● **Work task**: Excluding pictures, reproduce word for word the lines from the one containing "GG Supreme Monogram Strawberry Cosmetic Case" through the end of the material below.

● **Extracted entries**:
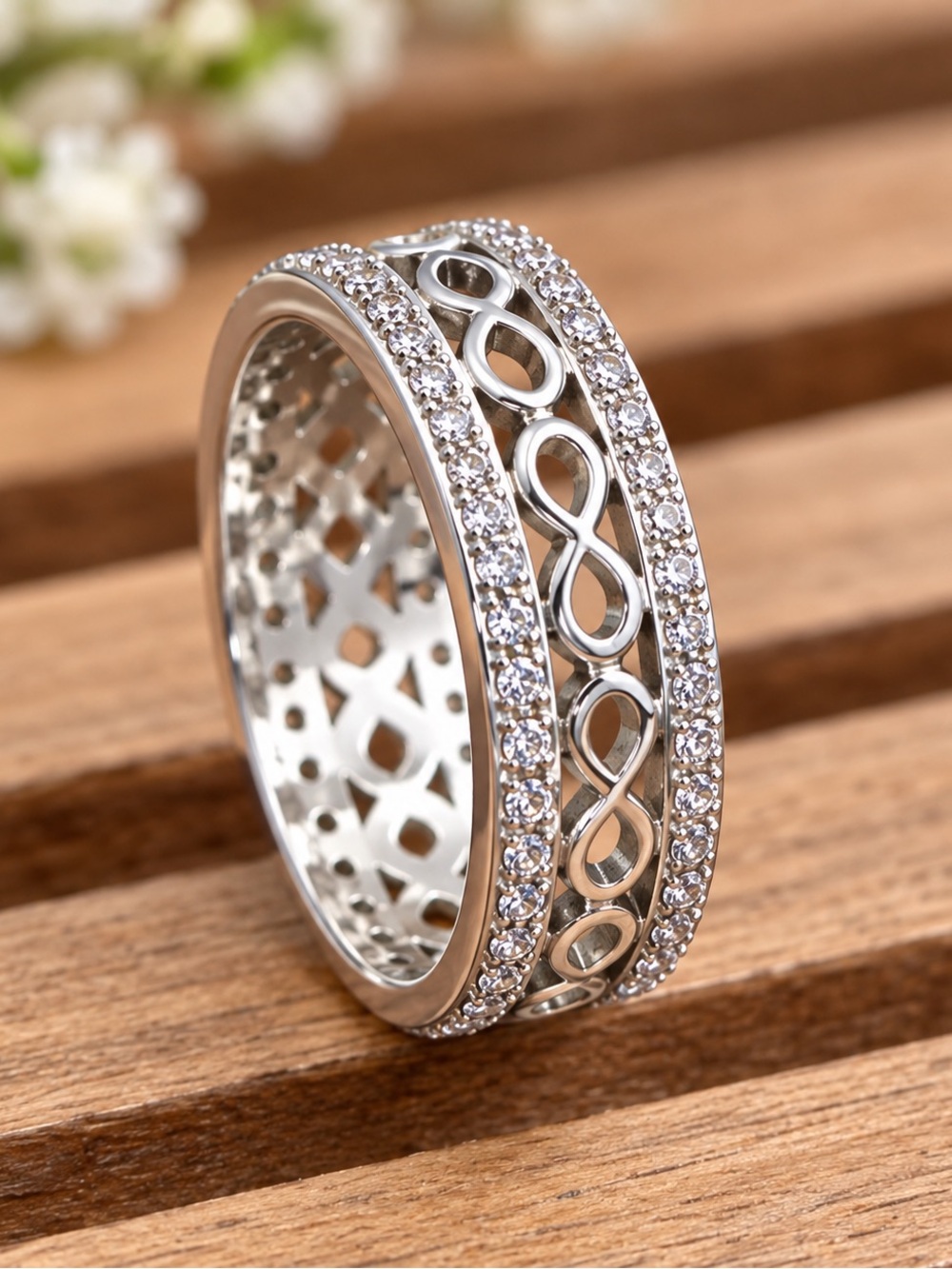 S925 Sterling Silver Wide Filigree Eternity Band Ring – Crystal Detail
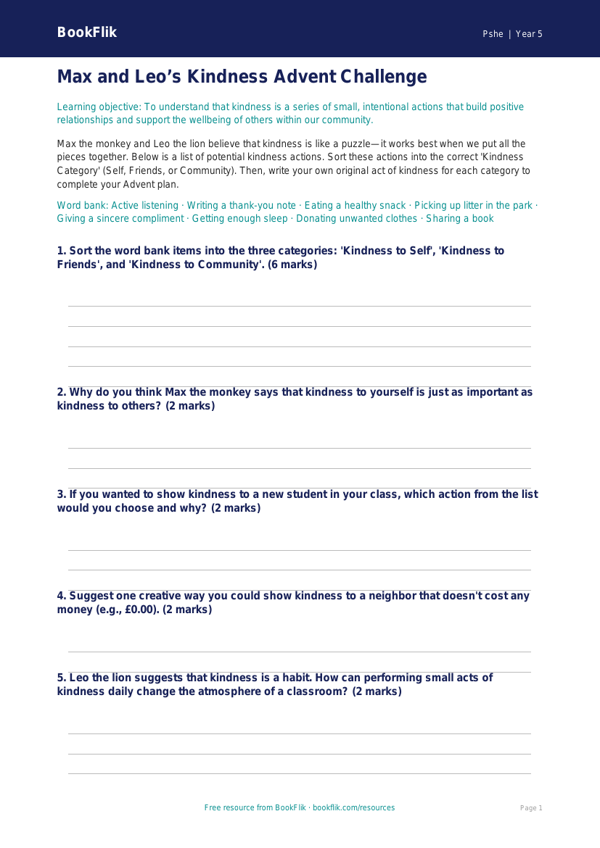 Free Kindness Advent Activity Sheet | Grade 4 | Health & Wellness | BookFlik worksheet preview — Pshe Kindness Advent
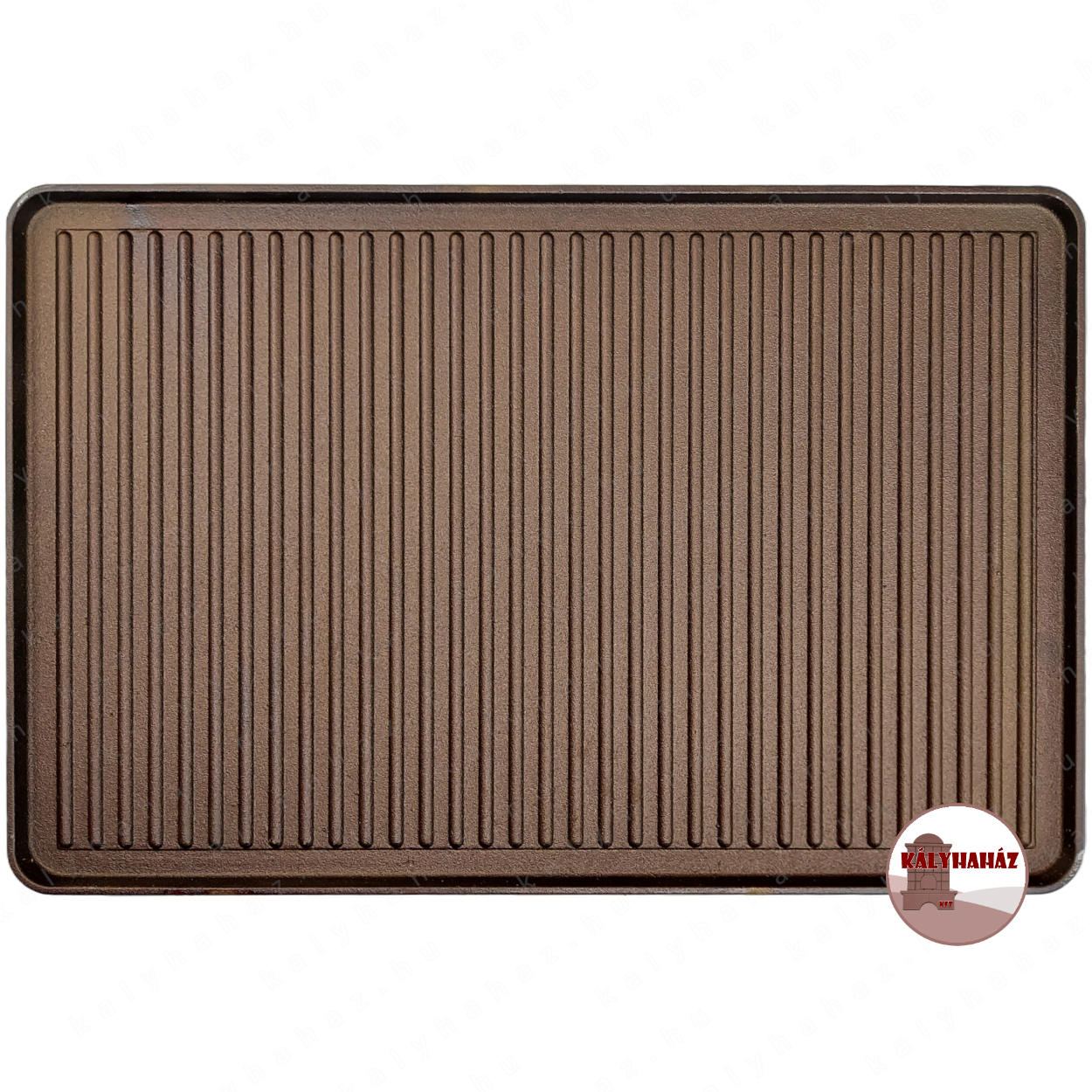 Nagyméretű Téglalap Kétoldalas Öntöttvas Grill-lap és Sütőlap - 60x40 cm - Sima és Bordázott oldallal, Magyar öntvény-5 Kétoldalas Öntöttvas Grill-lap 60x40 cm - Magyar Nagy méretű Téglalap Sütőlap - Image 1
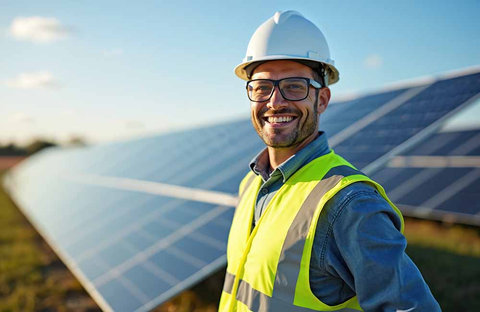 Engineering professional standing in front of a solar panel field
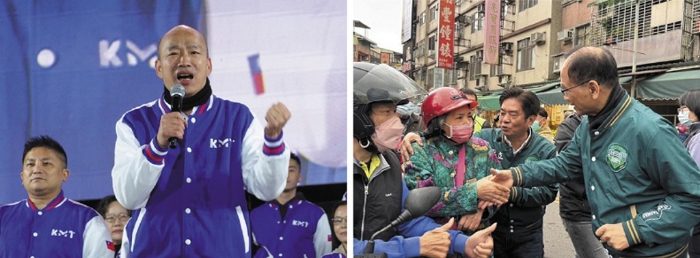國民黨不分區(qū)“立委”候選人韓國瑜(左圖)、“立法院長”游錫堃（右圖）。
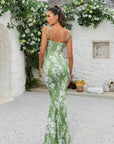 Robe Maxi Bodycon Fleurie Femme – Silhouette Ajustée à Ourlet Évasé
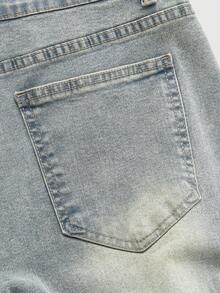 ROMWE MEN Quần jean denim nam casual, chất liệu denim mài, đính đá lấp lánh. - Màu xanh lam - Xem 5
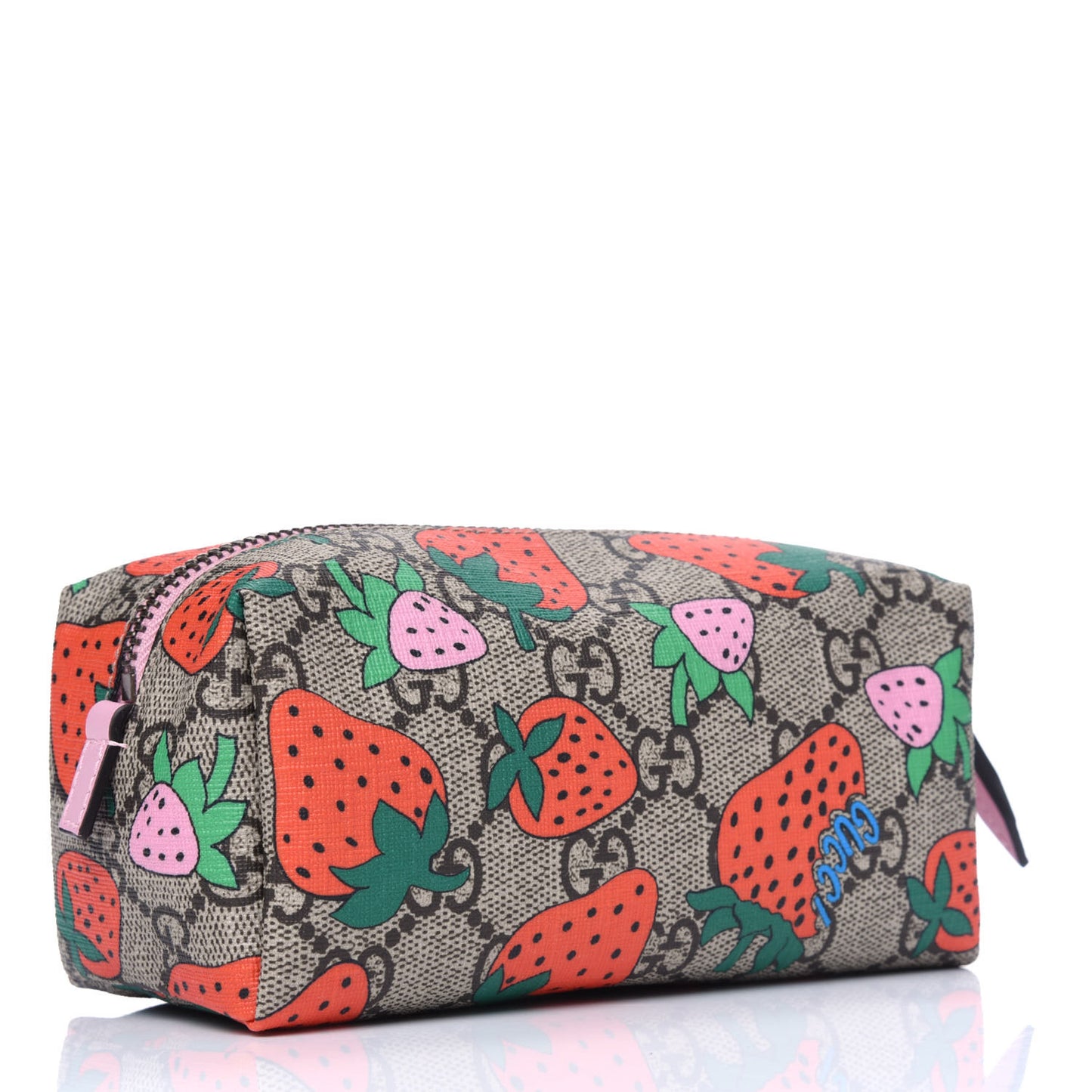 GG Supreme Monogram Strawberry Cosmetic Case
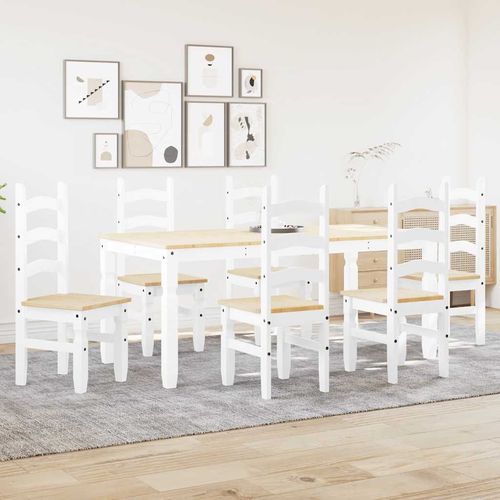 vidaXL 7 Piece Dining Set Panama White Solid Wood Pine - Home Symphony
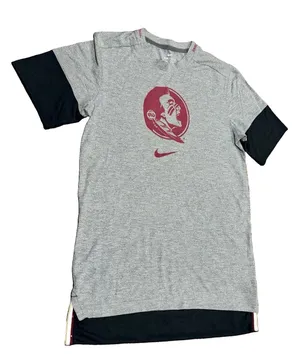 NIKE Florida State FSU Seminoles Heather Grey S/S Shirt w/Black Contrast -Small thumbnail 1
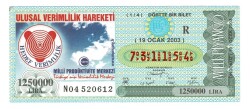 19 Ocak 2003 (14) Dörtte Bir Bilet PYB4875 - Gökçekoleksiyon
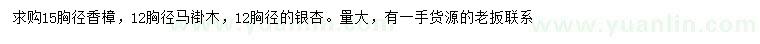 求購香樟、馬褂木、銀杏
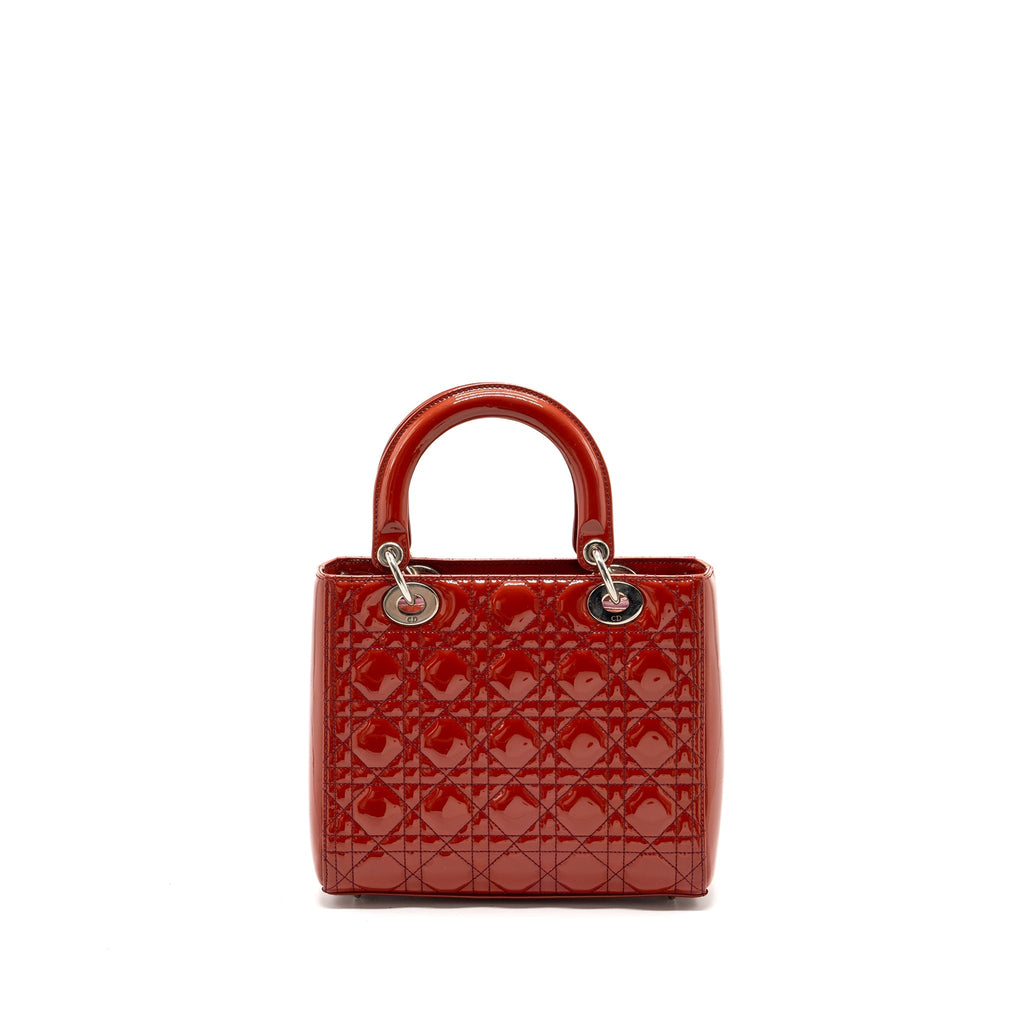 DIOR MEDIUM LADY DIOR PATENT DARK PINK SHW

● **Exercise result**:
 GG Supreme Monogram Strawberry Cosmetic Case
 vidaXL 7 Piece Dining Set Panama White Solid Wood Pine - Home Symphony
 NIKE Florida State FSU Seminoles Heather Grey S/S Shirt w/Black Contrast -Small thumbnail 1
 19 Ocak 2003 (14) Dörtte Bir Bilet PYB4875 - Gökçekoleksiyon
 求購香樟、馬褂木、銀杏
 DIOR MEDIUM LADY DIOR PATENT DARK PINK SHW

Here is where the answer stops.